● **EXERCISE MATERIAL**
-- Opening Marker --

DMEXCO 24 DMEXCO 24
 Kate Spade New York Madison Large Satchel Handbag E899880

-- Closing Marker --
-- Opening Marker --

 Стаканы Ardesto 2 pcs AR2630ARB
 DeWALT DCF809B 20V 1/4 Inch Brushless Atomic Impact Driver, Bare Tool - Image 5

-- Closing Marker --
-- Opening Marker --

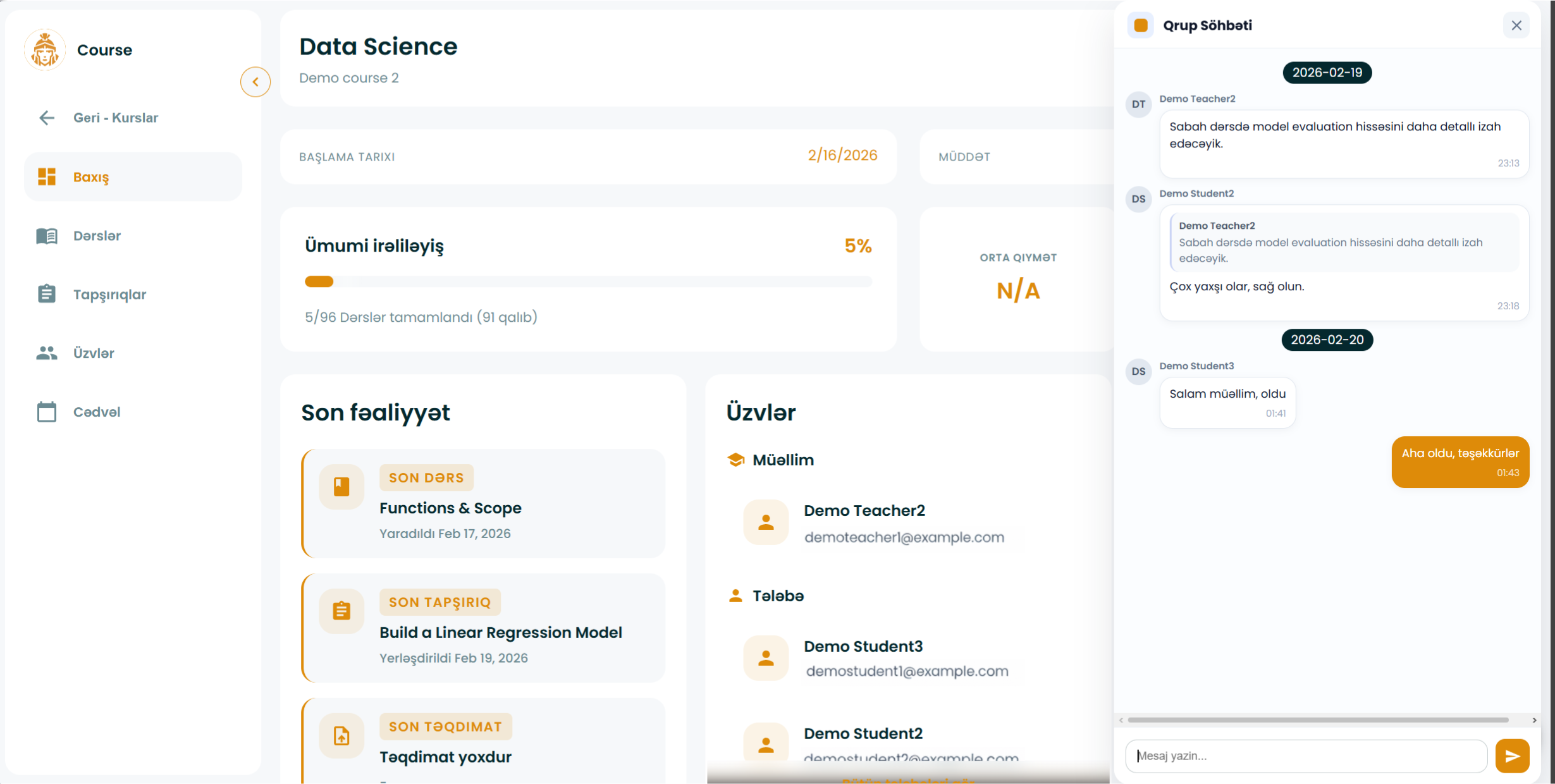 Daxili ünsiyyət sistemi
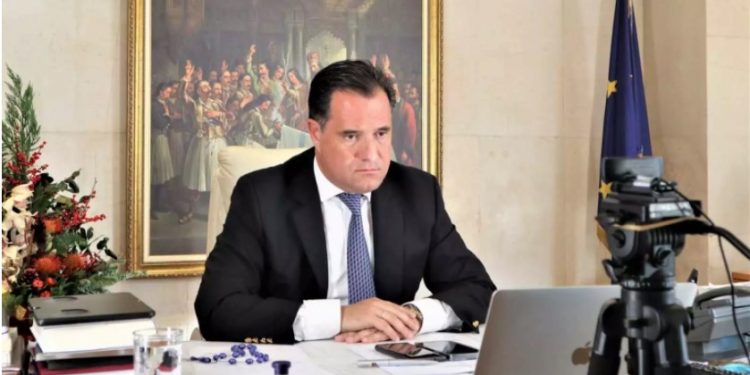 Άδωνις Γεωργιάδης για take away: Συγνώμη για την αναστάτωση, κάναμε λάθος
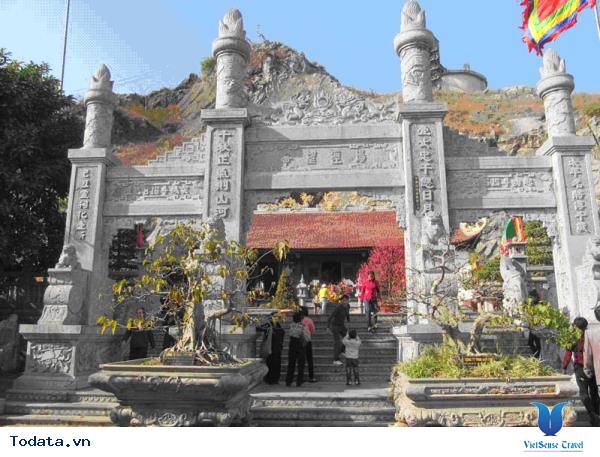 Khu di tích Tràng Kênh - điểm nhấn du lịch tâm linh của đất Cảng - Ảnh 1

-- Closing Marker --

● **PROBLEM TO WORK ON**
Look above for the line with "DMEXCO 24 DMEXCO 24" and the line with "Kate Spade New"; transcribe both and all lines in between, exactly, and nothing else.

● **WRITTEN SOLUTION**
DMEXCO 24 DMEXCO 24
 Kate Spade New York Madison Large Satchel Handbag E899880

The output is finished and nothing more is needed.